What the task asks :: From the line holding "J.Jill Wearever Collection" through the line holding "RGK Engineer carrying" below, write out every line exactly; include both of those lines and drop the pictures.

(Study material)

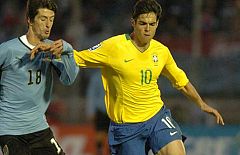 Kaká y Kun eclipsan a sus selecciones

(End Study material)
(Study material)

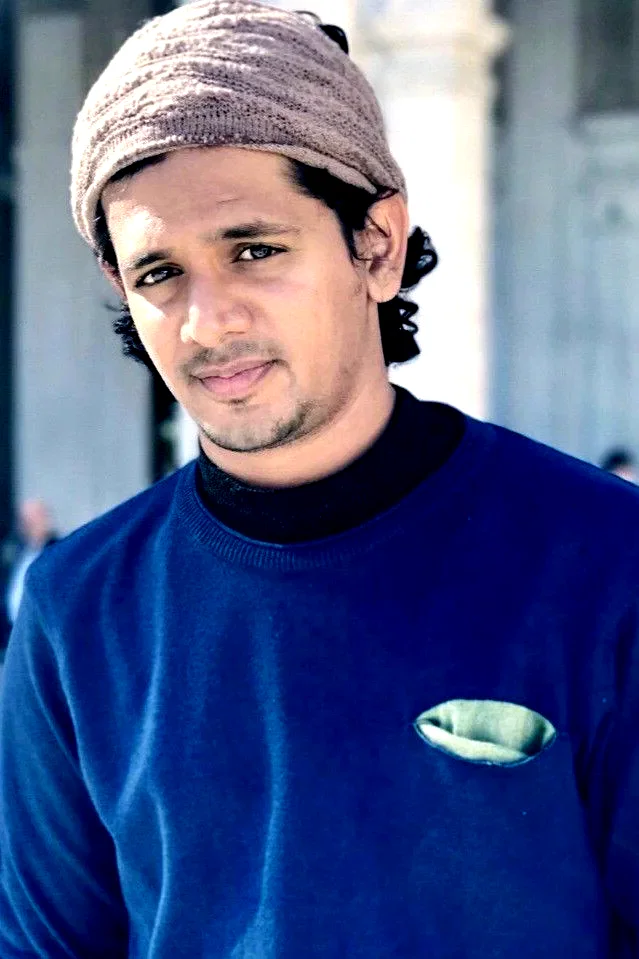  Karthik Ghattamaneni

(End Study material)
(Study material)

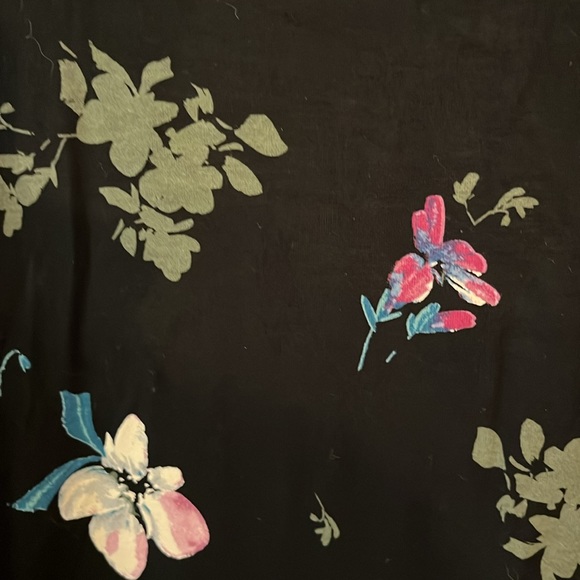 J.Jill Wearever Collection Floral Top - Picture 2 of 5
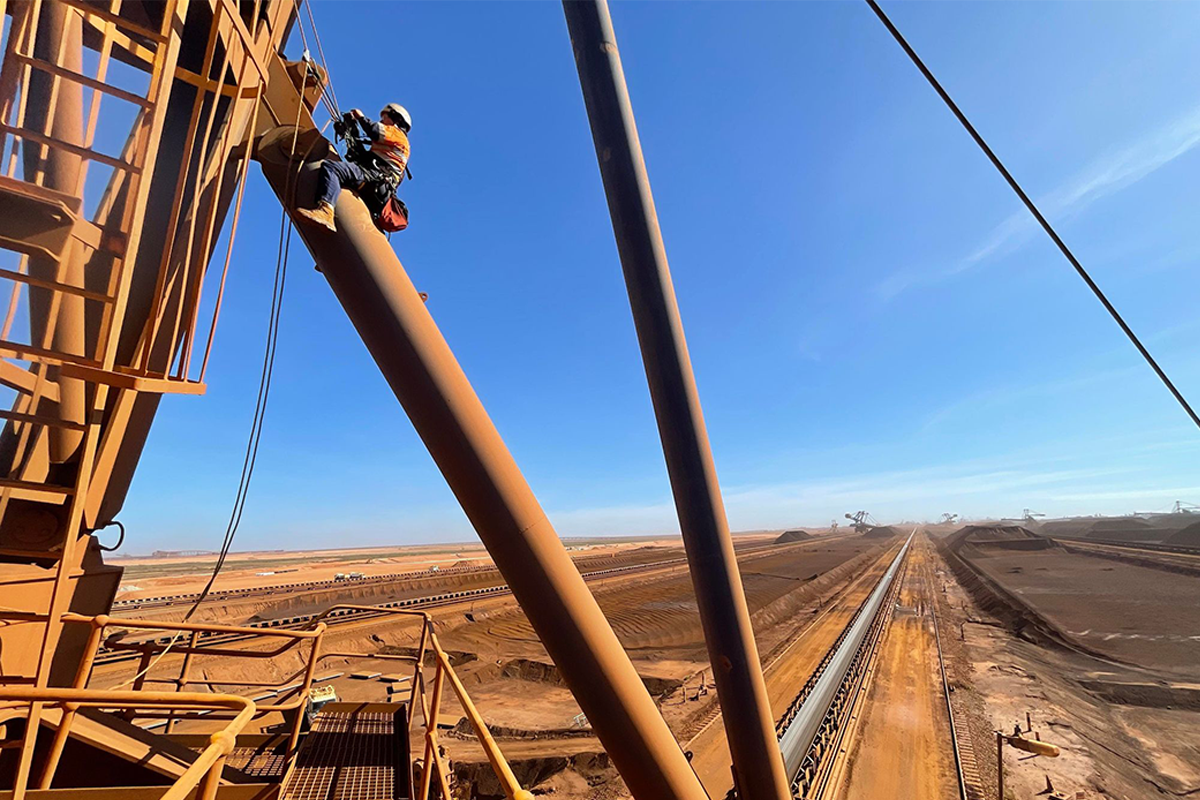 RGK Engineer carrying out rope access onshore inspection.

(End Study material)

Expected answer ::
 J.Jill Wearever Collection Floral Top - Picture 2 of 5
 RGK Engineer carrying out rope access onshore inspection.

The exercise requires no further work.